RDN is a minimally invasive procedure that applies radiofrequency energy, ultrasound or drug delivery to interrupt nerve activity in the renal arteries, which results in a reduction in systemic blood pressure. A number of trials of this technique have shown sustained and effective reduction in the blood pressure of patients with hypertension both in patients already on treatment or for patients who have recently been diagnosed with high blood pressure.
“Increasing attention to the clinical benefits of BP control and yet the persistence of uncontrolled hypertension present the opportunity for device-based therapies such as renal denervation. This novel therapyoffers advantages that are both distinct from the limitations of conventional antihypertensive medications but may also complement existing therapies to achieve greater BP control,” according to David E. Kandzari, MD, FSCAI, chief of the Piedmont Heart Institute and director of interventional cardiology, who served as chair of the document.

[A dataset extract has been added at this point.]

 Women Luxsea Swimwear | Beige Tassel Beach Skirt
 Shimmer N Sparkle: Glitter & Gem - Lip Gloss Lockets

“This document lays the foundation as to how we move forward with this exciting technology,” stated Eric A. Secemsky, MD, FSCAI, director of vascular intervention at Beth Israel Deaconess Medical Center and co-chair of the document. “By reaching consensus on important issues, we now have a guide for how we may accomplish clinical implementation, while also raising awareness to areas we do not yet have answers for, such as reimbursement.”
The full document is now available in early view in Catheterization and Cardiovascular Interventions, the journal of SCAI.